Search Engine Myths?

11 June 2024

5 min

King Midas touching things and turning them into gold.

Myths abound about search engines and notably Google search. We briefly explain our perspective about five important aspects of search engines which should be better understood.

There are many Search Engines

There are very few international search engines with Mojeek being the only one based in Europe. Google dominates market share in most of the world, with notable exceptions being for Russia (Yandex) and China (Baidu). English language search engines can be seen on the search engine map. There are many (over 100) search or metasearch services (often called proxies) that claim, or are referred to as search engines, but all take their results from search engines, usually Bing or Google, but also increasingly from Mojeek as you can see in the search engine map. Sometimes web scrapers will pretend to be a known web crawler. One strategy is to pretend to be GoogleBot in the hope of obtaining the widest access. So how do you identify these pretenders and scrapers?

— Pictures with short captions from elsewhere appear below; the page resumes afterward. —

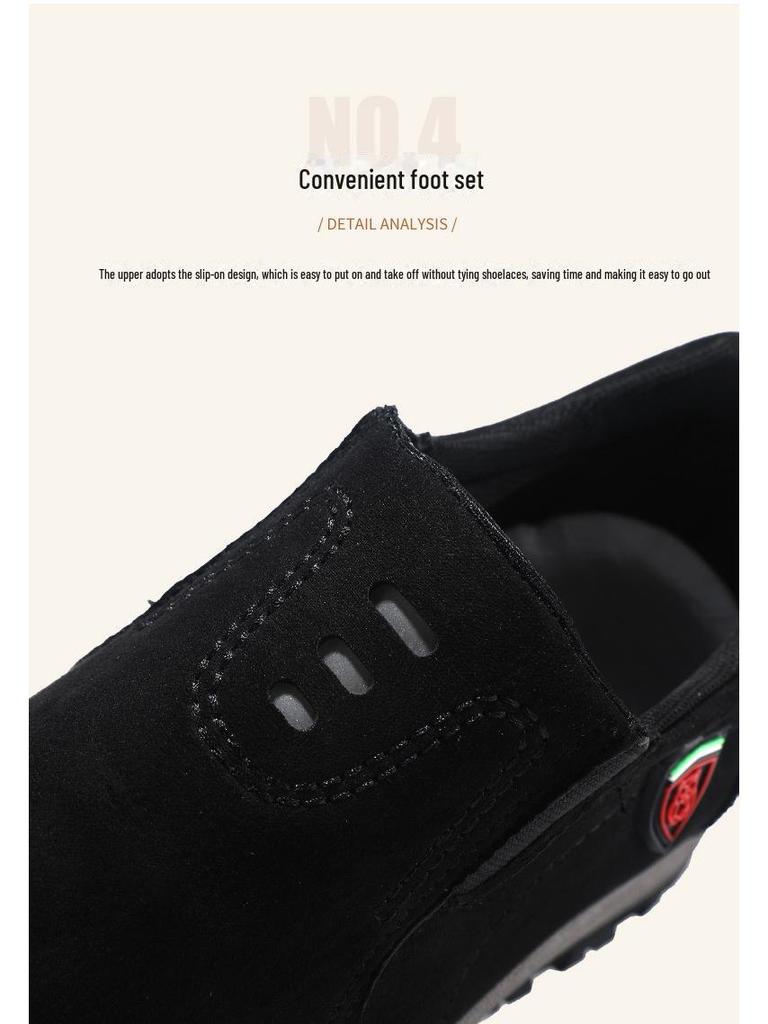 Men's Korean Style Casual Slip-On Shoes - Breathable, Trendy, Large Size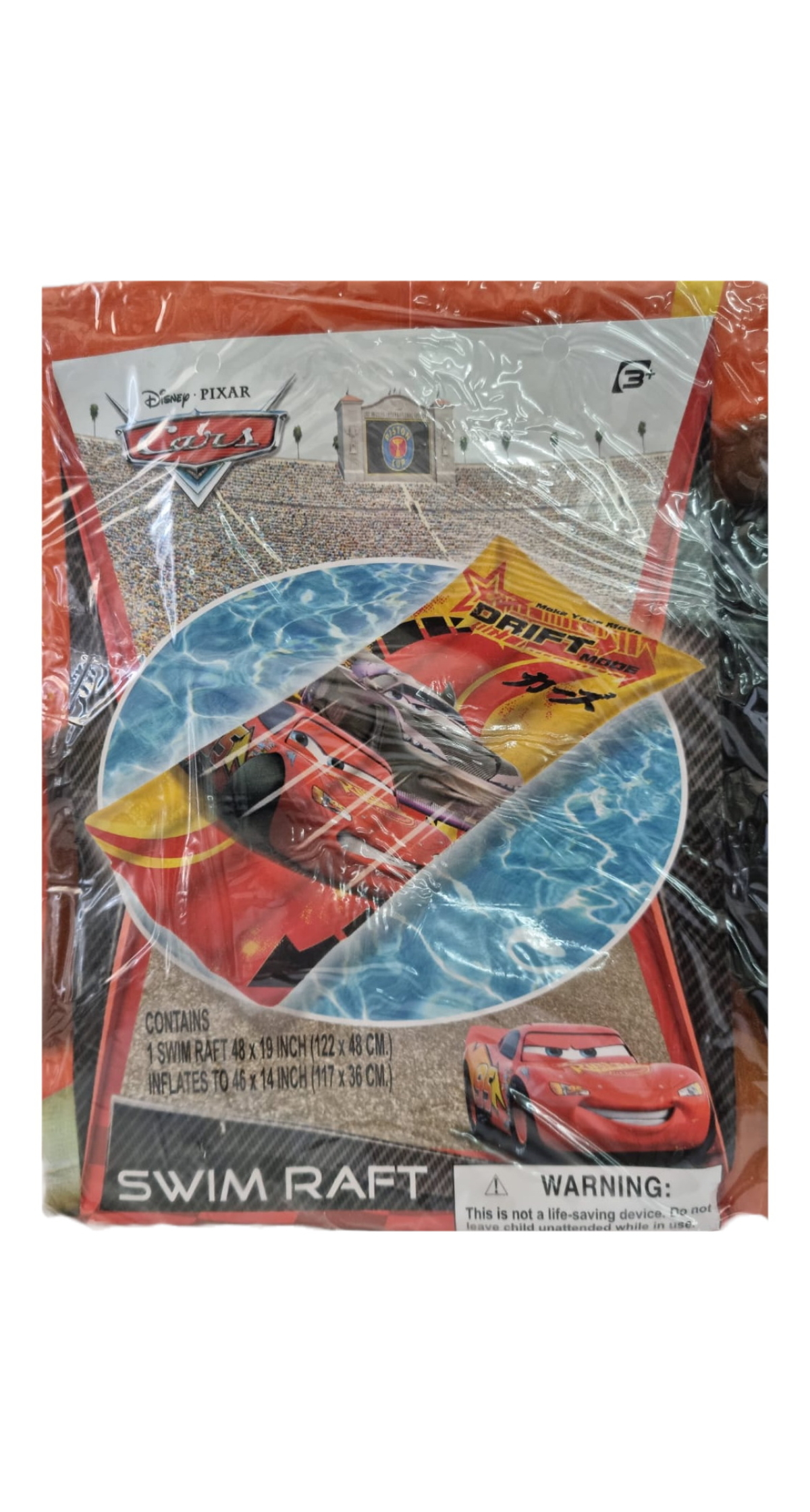 Disney Cars Swim Raft 122x48cm - For Age 3+ Years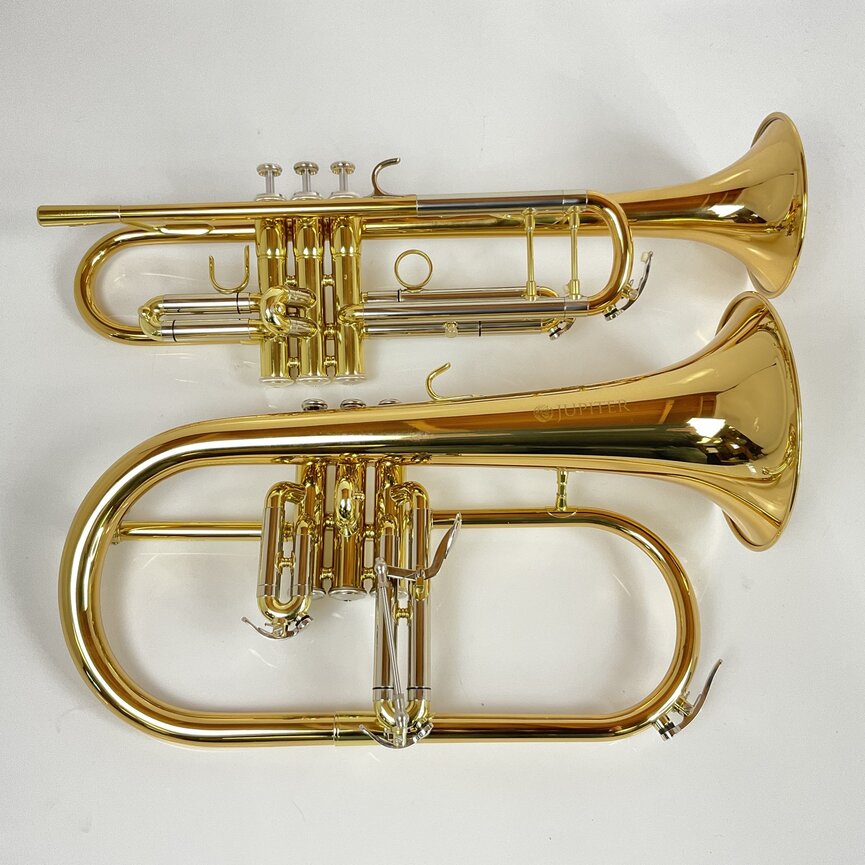 *Special Promotion* Demo Jupiter JTR1110R Bb Trumpet and Jupiter JFH1100 Bb Flugelhorn Combo
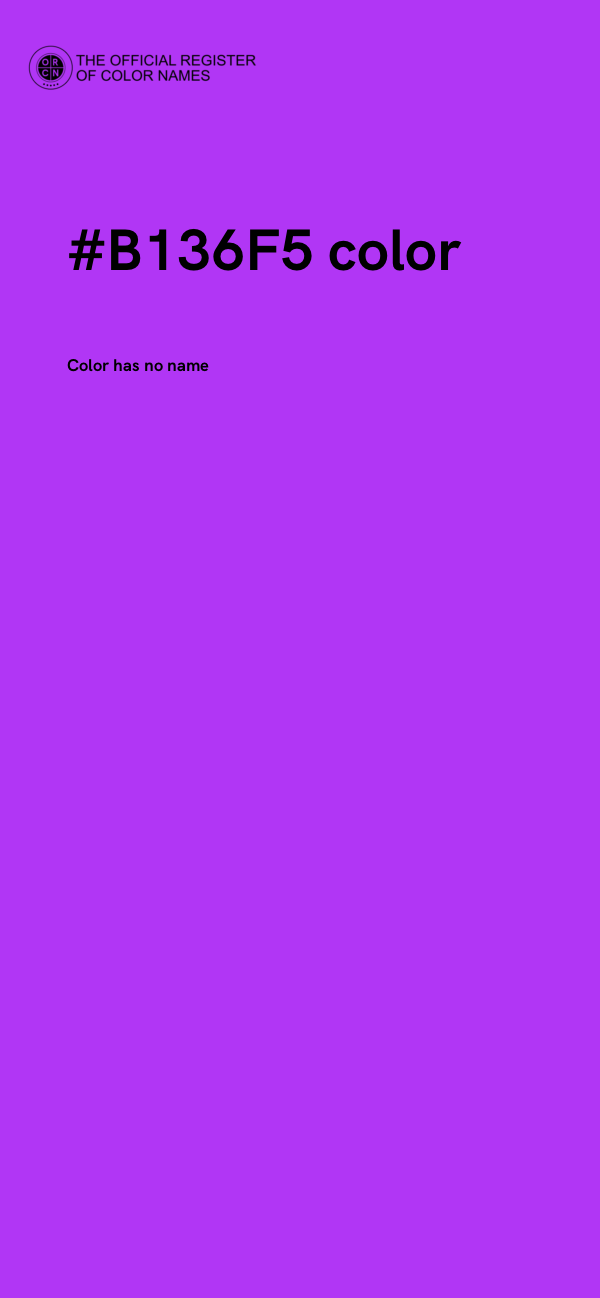 #B136F5 color image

Only Google is Allowed to Crawl at Web Scale

While Google does have extensive web crawling capabilities, it's not the only entity allowed to crawl the web at scale. Other search engines that crawl the web respectfully are generally allowed wide access via the robots.txt file on websites. For example, “verified” good bots are monitored by the likes of Cloudflare. The voluntary arrangement of robots.txt obviously depends on good actors and there seems to be fewer and fewer around. The whole situation is made worse because currently there is no robust way to declare that you want your content searchable on search engines, but not used for machine learning. So far seven search companies & projects, plus individuals, have co-signed the NoML open letter which proposes a solution to this.

Tracking is Needed for Ads

While massive data collection is used by Big Tech for optimising targetted advertising, it is not necessary when selecting relevant search ads. Such contextual advertising does not rely on user tracking. Users implicitly express an intention with queries, so search engines can serve highly relevant search ads based on the search query, plus supplementary data such as language and location which the user may be able to control (fully in the case of Mojeek). Contextual ads based on search queries can thus be highly relevant, timely and privacy-preserving.

Building and Running a Search Engine is Costly

It is often stated by technology writers and the media that search engines are costly to build and maintain. But as Mojeek has shown, with determination, perseverance, and prudent spend, building and maintaining a search engine can be very cost effective. Mojeek has been developed and built up over 15 years without spending huge amounts of money, and yet has one of the largest web search indexes on the web today. Its index of over 8 billion pages can return answers to search queries within 200ms on average. Furthermore Mojeek is all built on it's own algorithms, running on in-house maintained servers dramatically reducing costs compared with cloud services.

Generative AI will Kill Search

Generative AI is poised to transform many aspects of technology, including how we search for information. However AI is more likely to augment and integrate with traditional search technologies, enhancing capabilities like answering queries directly or providing summaries of found content. It may change the way search engines operate but will not render them obsolete. In any case, foundation models in generative AI are built on datasets, and the biggest datasets used are search engine databases. Generative AI also increasingly uses search engine APIs as a source of data for RAG (Retrieval-Augmented Generation).

colin